Dos artículos recientes en el debate español han cuestionado este segundo mito sobre la intervención benigna del estado con unas reflexiones bastante explosivas y muy necesarias para agitar este auténtico tabú en muchos círculos de nuestro país.
En primer lugar, y siguiendo el informe de la OCDE Society at Glance, Pau Marí-Klose notaba preocupado cómo el estado de bienestar español es muy generoso… con los que más tienen. En general, “las transferencias monetarias totales percibidas por los hogares más acomodados en España (también en otros países del sur de Europa) son muy superiores a las que perciben los hogares más desfavorecidos”; y, en particular, Pau reflexionaba, “es llamativo, por ejemplo, que mientras 600.000 pensionistas cobran más de 2000 euros al mes, alrededor de 250.000 pensionistas con prestación no contributiva cobran por término medio menos de 400 euros.”
La deliberación de Pau debería animar a un ejercicio de introspección a esas numerosas voces que, en nuestro país, tratan el gasto social como una variable unidimensional: todo recorte es una concesión a la derecha y debe ser resistido con uña y dientes. Al contrario, parece más acertado pensar que tenemos existen varios “gastos sociales” y que unos son más redistributivos – y oportunos en un contexto de crisis – que otros, que se pueden recortar cuando hay que priorizar. Vamos, que la tijera también puede ser de izquierdas.
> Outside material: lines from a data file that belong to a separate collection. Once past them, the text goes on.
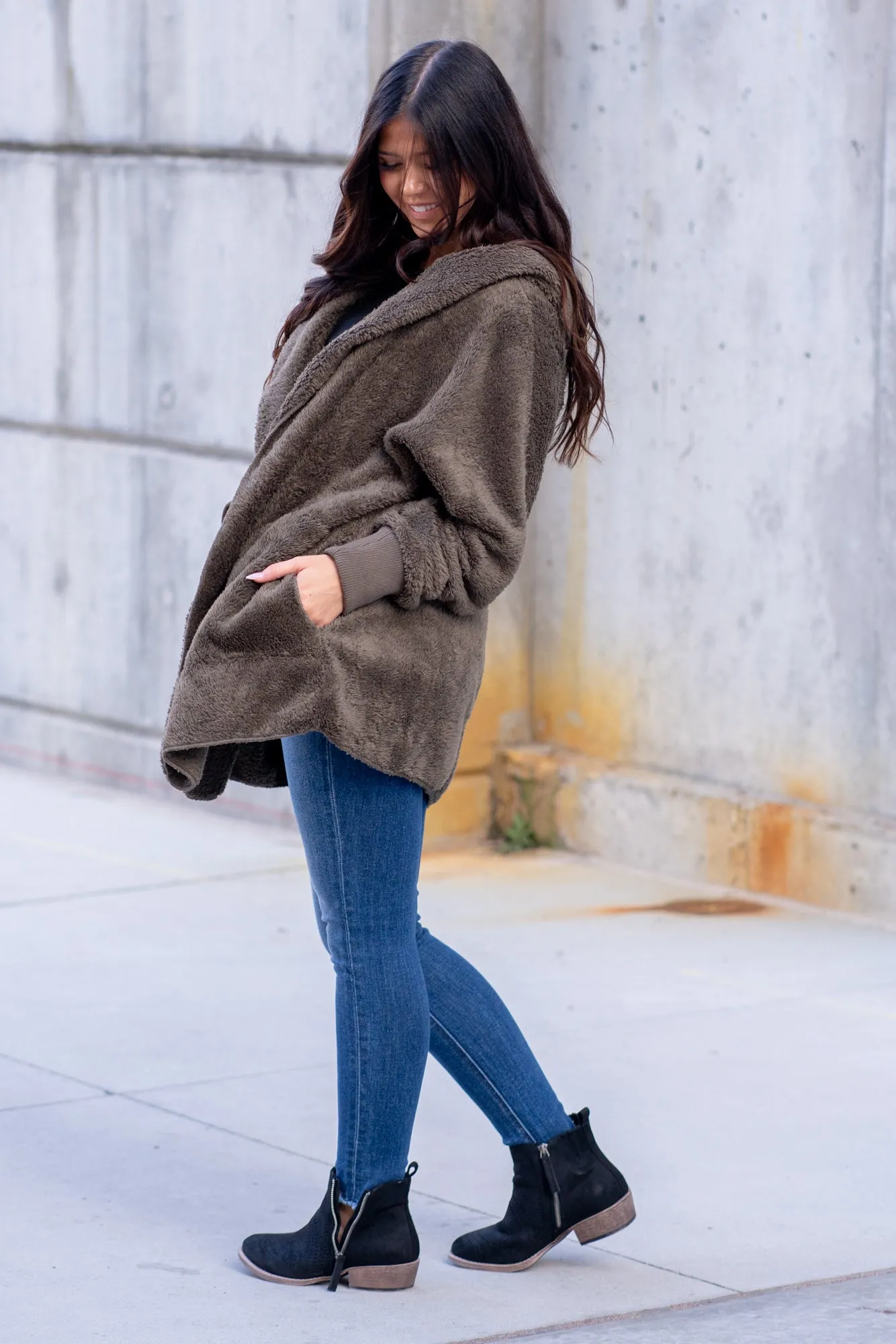 Cozy Sherpa Jacket - Olive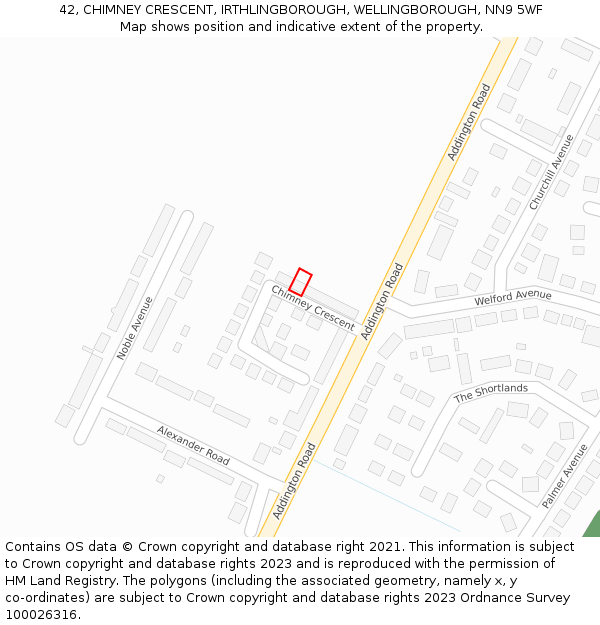 42, CHIMNEY CRESCENT, IRTHLINGBOROUGH, WELLINGBOROUGH, NN9 5WF: Location map and indicative extent of plot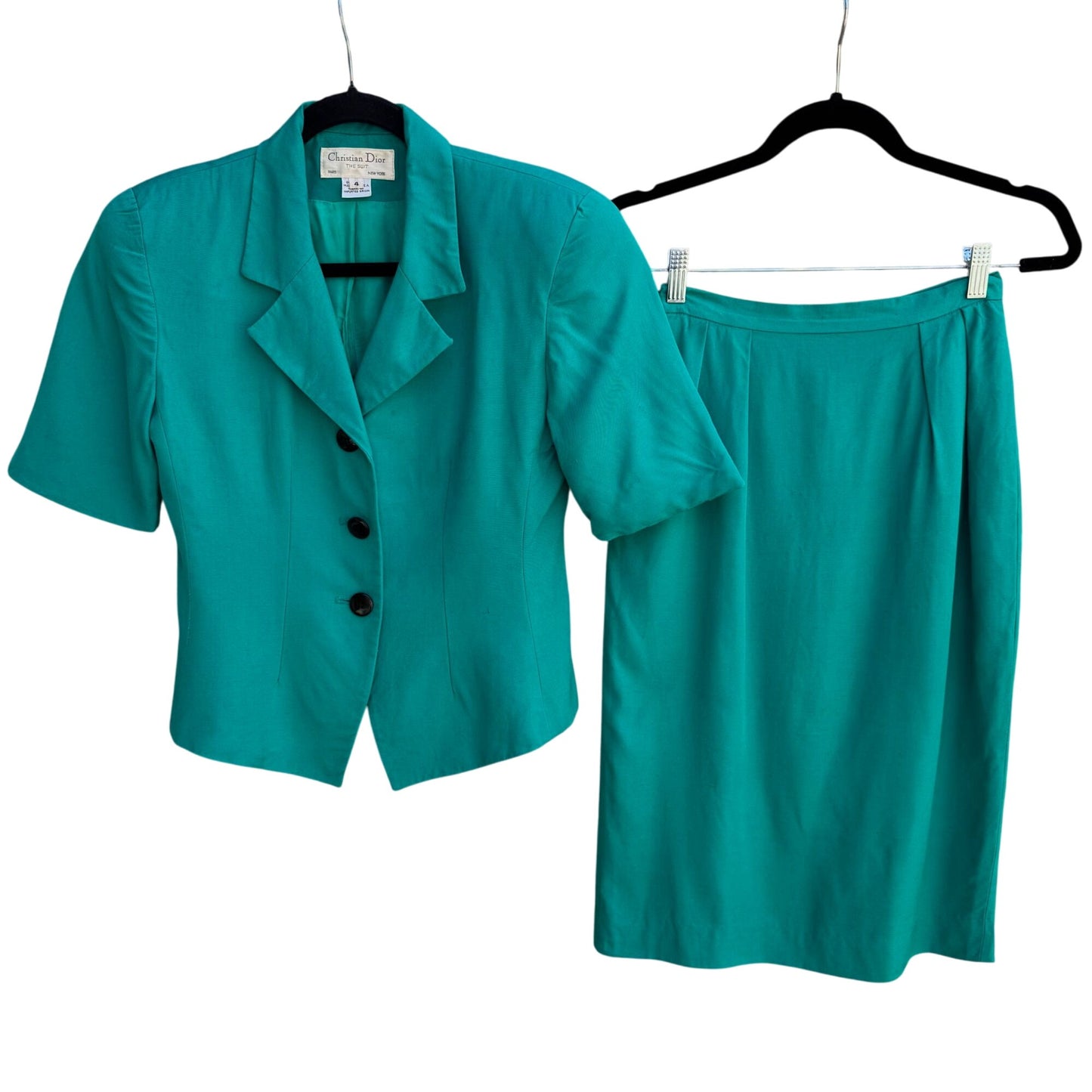 Christian Dior Vintage Womens Teal Short Sleeve Blazer Pencil Skirt Suit Set 4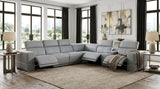 Franco II 7-Piece Light Blue Italian Top Grain Leather Power Reclining Sectional with 3 Power Seats and Wireless Charging from Ella Furniture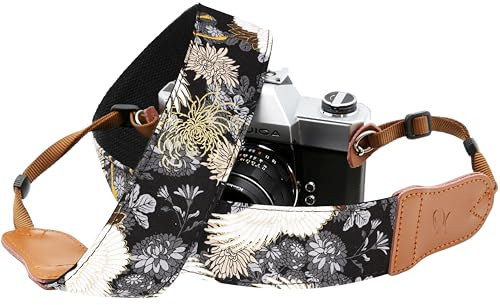 Padwa Lifestyle Sangle Appareil Photo - Extrémités en Cuir de Vachette Ddouble Couche,Sangle D'appareil Photo en Coton Brodé de 2,Bandoulière Photographe Réglable Pour Tous Les Appareils Photo DSLR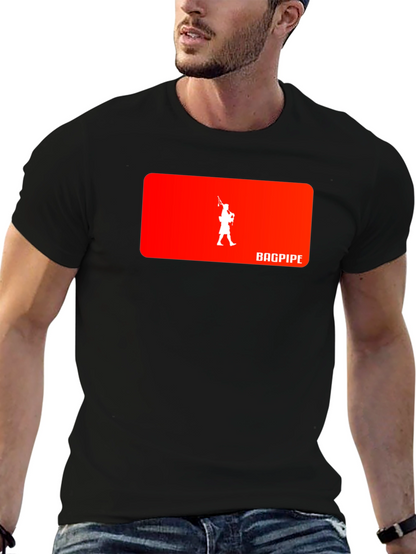 Bagpipe Musician Graphic Black T-Shirt
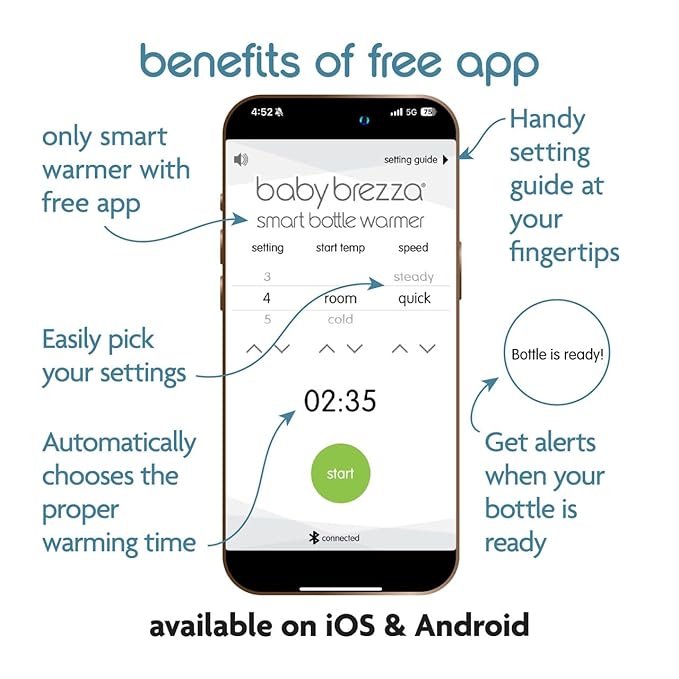 Baby Brezza Smart Baby Bottle Warmer, Breastmilk Warmer + Defroster – Free App - Different Temperatures for Breastmilk + Formula - Universal Fit for All Bottles + Milk Bags - Calentador de Biberones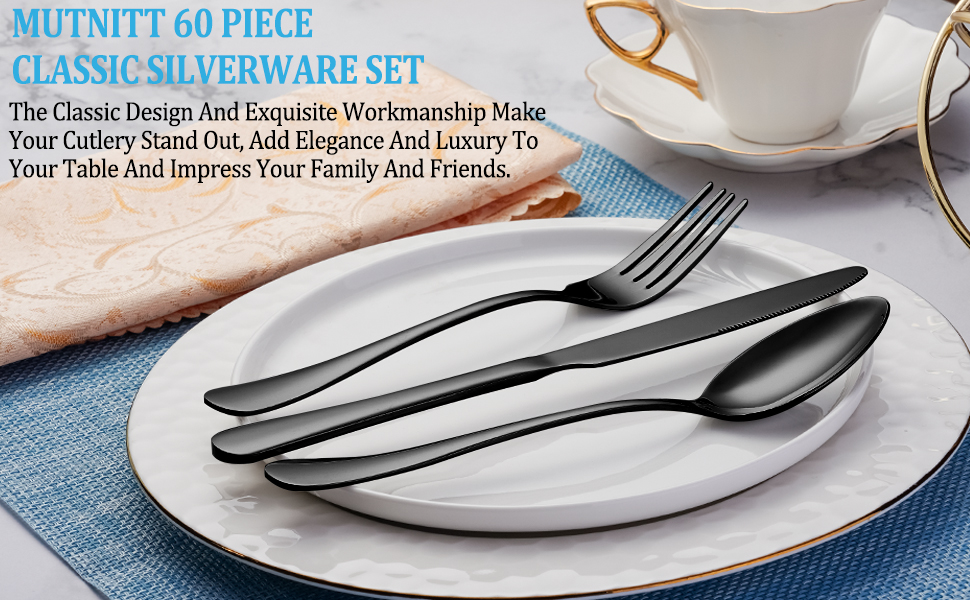 60 piece black silverware set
En segundo lugar, Germà Bel, desafiando las muchas opiniones que han bramado estos días en nuestro país contra el plan de ajuste presentado por el primer ministro francés Manuel Valls, decía que “me parece digno de elogio”. El elogio de Bel me parece también digno de elogio, pues, sencillamente, con una economía estancada, el mayor gasto público de la OCDE (Francia gasta el 57% del PIB) no es sostenible.
Bel alertaba de uno de los principales sesgos en los análisis políticos dominantes: asociar automáticamente gasto público con menor desigualdad. Por ejemplo, el gasto público en Francia es más elevado – pero, al mismo tiempo, la desigualdad es mayor – que en Alemania.
En resumen, que el Estado haga más – ya sea regulación o gasto público – no quiere decir que haga mejor. Estos dos mitos – el de la “buena regulación” y el del “buen gasto público” – son especialmente queridos en España. Cualquier propuesta para recortar regulaciones o partidas presupuestarias de dudosos efectos redistributivos encuentra una oposición feroz, procedente sobre todo de muchos intelectuales progresistas. Para alcanzar los objetivos de pleno empleo y mínima desigualdad económica posible, necesitamos extender el papel del estado en algunas esferas concretas (como en políticas activas de empleo), pero en otras dimensiones necesitamos reducirlo.